El problema, para Picasso, era que él "seguía obsesionado con la figura, y la figuración estaba pasada de moda a mediados de los 60".
Lo resolverá a golpe de dinamita.
Sabía que remaba a la contra.
Acusaba a los abstractos de conducir al arte a un callejón muerto.
Quería regresar a los clásicos, a la tradición que había nutrido sus obras con el verde veneciano, los platas velazqueños, las brujas de lenta y negra frazada de Goya.
Volver, claro, aunque "picassificando", como cuenta Richardson en la entrevista concedida a EL MUNDO; esto es, peinando los colores, espejos, palomas, perros, hasta encuadrarlos en el universo paralelo, moreno, de yeguas y perfiles, que había acuñado durante la revolución cubista, combinándolos con los muslos heráldicos, mediterráneos, de su etapa neoclásica, revolviendo todo hasta practicar una pintura visceral, rauda, urgente, y al tiempo borracha en los viejos licores de sus queridos monstruos.
De modo que la última etapa de Picasso será doblemente herética o impura.

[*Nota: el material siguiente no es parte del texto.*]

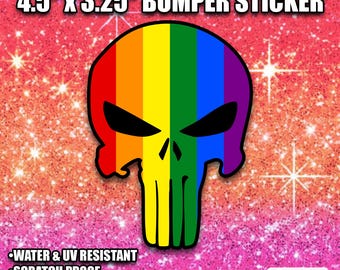 Sticker pour voiture Gay Pride Punisher tête de mort, sticker en vinyle LGBTQ imperméable, résistant aux rayures, protégé contre les UV, cadeau de fierté pour les adolescents et les premières voitures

Homenajea el temblor de los clásicos, penetra el retablo del Siglo de Oro, cabalga junto a El Greco, etc., haciendo un corte de mangas suicida -a la postre triunfal- a las modas.

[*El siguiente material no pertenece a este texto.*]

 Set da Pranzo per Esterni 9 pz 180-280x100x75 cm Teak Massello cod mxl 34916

Y renuncia a jugar al noble anciano zen. No, él nunca mojaría su pincel en el sopor de quienes al llegar a viejos parecen charlar con Dios cada mañana. Sus cuadros se llenan con mujeres y hombres desnudos, parejas copulando, falos, senos, dedos, ojos, vaginas.
Porque Picasso, en fin, creía en el arte como una enmienda total, guerra de besos, sudor, saliva, contra la sucia malaria del vacío, enfrentada a la abstracción, y la muerte.